:: Source material ::
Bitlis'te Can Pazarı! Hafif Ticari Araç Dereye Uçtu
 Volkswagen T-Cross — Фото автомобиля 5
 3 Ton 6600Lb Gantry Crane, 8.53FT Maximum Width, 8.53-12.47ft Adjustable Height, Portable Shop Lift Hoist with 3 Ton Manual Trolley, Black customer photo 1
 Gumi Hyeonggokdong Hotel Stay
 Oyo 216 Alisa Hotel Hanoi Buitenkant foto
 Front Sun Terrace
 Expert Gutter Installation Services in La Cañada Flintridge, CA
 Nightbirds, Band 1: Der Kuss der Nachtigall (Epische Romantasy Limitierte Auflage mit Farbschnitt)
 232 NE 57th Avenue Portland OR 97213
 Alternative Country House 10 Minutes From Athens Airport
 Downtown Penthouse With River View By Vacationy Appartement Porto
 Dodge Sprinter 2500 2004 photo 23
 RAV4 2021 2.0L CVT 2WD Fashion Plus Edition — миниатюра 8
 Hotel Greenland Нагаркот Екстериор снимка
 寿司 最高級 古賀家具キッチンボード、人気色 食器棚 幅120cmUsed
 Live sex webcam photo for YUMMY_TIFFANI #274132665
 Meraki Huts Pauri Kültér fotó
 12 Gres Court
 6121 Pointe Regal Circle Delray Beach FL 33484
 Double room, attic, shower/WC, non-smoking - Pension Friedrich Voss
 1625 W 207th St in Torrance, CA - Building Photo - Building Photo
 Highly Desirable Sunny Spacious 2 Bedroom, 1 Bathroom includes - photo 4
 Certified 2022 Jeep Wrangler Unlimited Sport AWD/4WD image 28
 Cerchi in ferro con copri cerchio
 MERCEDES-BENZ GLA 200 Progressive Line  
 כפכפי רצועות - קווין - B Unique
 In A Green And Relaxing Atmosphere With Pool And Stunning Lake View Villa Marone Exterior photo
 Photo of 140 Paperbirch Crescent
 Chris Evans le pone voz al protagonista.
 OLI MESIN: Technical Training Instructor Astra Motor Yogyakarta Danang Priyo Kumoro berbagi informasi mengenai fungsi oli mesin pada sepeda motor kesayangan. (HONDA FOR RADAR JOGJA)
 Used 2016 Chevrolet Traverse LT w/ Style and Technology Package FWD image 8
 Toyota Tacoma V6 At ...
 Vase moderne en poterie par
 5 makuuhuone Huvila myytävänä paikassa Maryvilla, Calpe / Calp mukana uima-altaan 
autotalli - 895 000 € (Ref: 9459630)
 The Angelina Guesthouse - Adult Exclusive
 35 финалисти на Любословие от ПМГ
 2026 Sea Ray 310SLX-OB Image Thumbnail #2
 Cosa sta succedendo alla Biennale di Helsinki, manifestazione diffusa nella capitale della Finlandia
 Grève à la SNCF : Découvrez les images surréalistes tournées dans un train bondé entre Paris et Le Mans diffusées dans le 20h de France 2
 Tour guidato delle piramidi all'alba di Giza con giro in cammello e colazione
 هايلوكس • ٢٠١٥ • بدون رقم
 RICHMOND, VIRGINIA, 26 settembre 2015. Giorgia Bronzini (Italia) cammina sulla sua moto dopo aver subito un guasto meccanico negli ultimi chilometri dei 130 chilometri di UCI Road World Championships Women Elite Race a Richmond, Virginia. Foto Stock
:::
- [Exercise brief]:
There is a line with "The Angelina Guesthouse - Adult Exclusive" and a line with "Cosa sta succedendo" above. Copy exactly those two lines and all lines between them, with nothing else.

- [Output of the task]:
 The Angelina Guesthouse - Adult Exclusive
 35 финалисти на Любословие от ПМГ
 2026 Sea Ray 310SLX-OB Image Thumbnail #2
 Cosa sta succedendo alla Biennale di Helsinki, manifestazione diffusa nella capitale della Finlandia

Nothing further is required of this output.